1
votes

I have multiple csv files in a folder (file1, file2, file3, file4, file5,....)

I only know how to import one file, run the command and output the converted file as shown in below code. I would like to run the command in multiple csv files at once. Can someone please help?

convert.py:

import pandas as pd
import numpy as np

#read file
df = pd.read_csv("file1.csv")

#make conversion
df['Time taken'] = pd.to_datetime(df['Time taken'])
df['Time taken'] = df['Time taken'].dt.hour + df['Time taken'].dt.minute / 60

#output file
df.to_csv('file1_converted.csv', index = False)

I started with a code as shown below but it gave only one output(*.csv) from one random csv file.
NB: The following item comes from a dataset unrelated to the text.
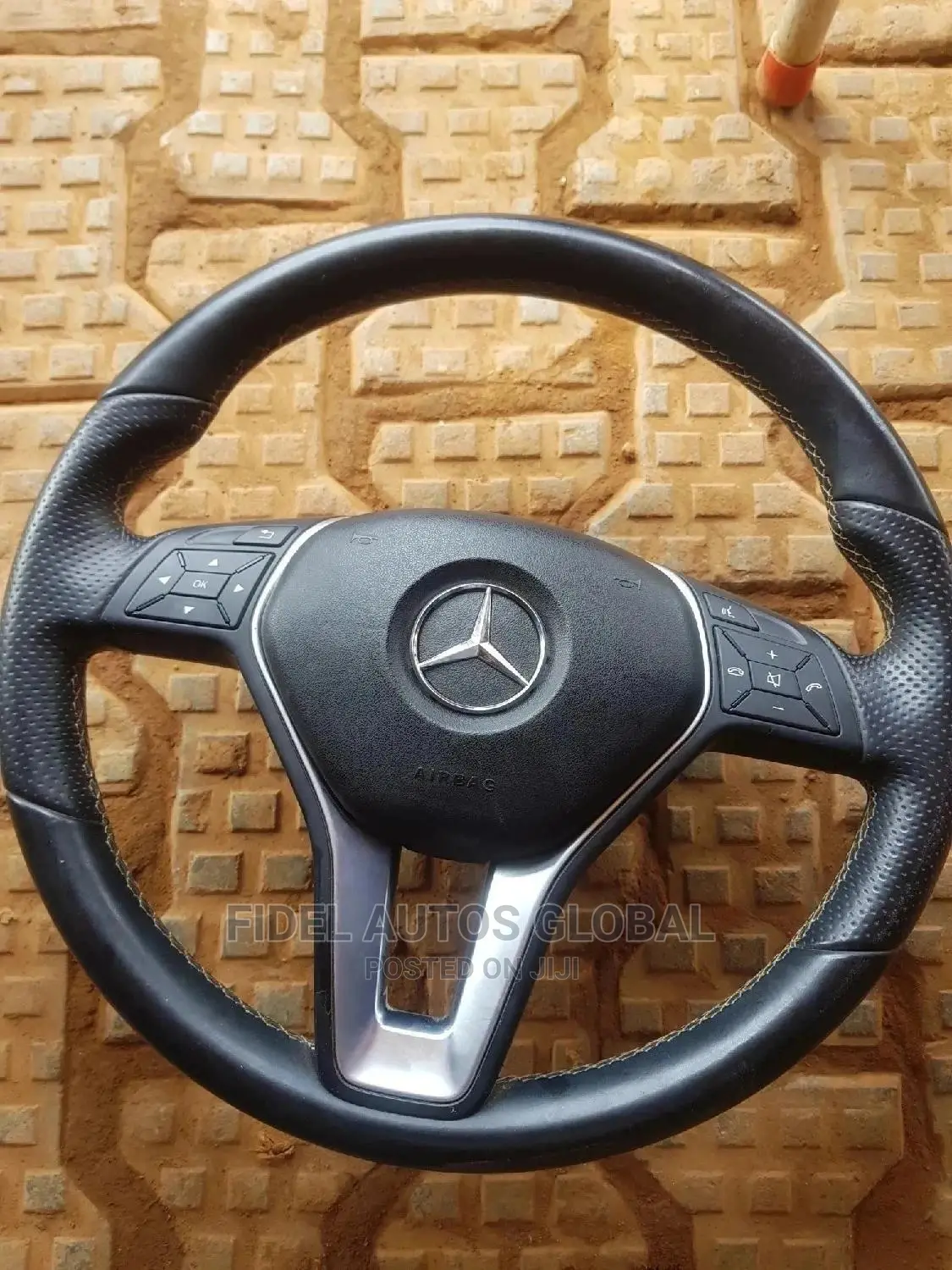 Quality Mercedes Benz Automatic Steering Wheel.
I would like separate output for each file.

import glob
import pandas as pd
import numpy as np

files = glob.glob('folder/*.csv')
for file in files:
    df = pd.read_csv(file)

#make conversion
df['Time taken'] = pd.to_datetime(df['Time taken'])
df['Time taken'] = df['Time taken'].dt.hour + df['Time taken'].dt.minute / 60

#output file
df.to_csv('*.csv', index = False)
4
Look at your indentation. What is happening in the for loop, and what should be happening to produce one output file per input file?i alarmed alien
and 4 people posting the exact same solution is just crazyxyzjayne

4 Answers

1
votes

indent the code that does the dataframe transformation and include it in the for loop like this:

import glob
import pandas as pd
import numpy as np

files = glob.glob('folder/*.csv')
for file in files:
    df = pd.read_csv(file)

    #make conversion
    df['Time taken'] = pd.to_datetime(df['Time taken'])
    df['Time taken'] = df['Time taken'].dt.hour + df['Time taken'].dt.minute / 60

    #output file
    df.to_csv('updated_{}'.format(file), index = False)
0
votes

You just need to indent the file writing code so it is performed inside the loop, otherwise it will only write the last file:

import glob
import pandas as pd
import numpy as np

files = glob.glob('folder/*.csv')
for file in files:
    df = pd.read_csv(file)

    #make conversion
    df['Time taken'] = pd.to_datetime(df['Time taken'])
    df['Time taken'] = df['Time taken'].dt.hour + df['Time taken'].dt.minute / 60

    #output file
    df.to_csv('*.csv', index = False)
0
votes
total_no_file=10

for i in range(total_no_file):
    file_name="file"+str(i+1)
    df = pd.read_csv(file_name)

    #make conversion
    df['Time taken'] = pd.to_datetime(df['Time taken'])
    df['Time taken'] = df['Time taken'].dt.hour + df['Time taken'].dt.minute / 60

    file_name="file"+str(i+1)+"_converted"
    df.to_csv('file1_converted.csv', index = False)
0
votes

So there were two problems with your code. First the indentation was all messed up so the for loop was only reading the different csv files into the same variable. Second you should give a different name to the converted csv files you are writing to disk. Therefore, the following should work for you:

import os
import glob
import pandas as pd
import numpy as np

files = glob.glob('folder/*.csv')
for file in files:
    file_name = os.path.splitext(os.path.basename(file))  # Get the file name without extension
    df = pd.read_csv(file)

    #make conversion 
    df['Time taken'] = pd.to_datetime(df['Time taken'])
    df['Time taken'] = df['Time taken'].dt.hour + df['Time 
    taken'].dt.minute / 60

    #output file
    df.to_csv('{}_conv.csv'.format(file_name, index = False)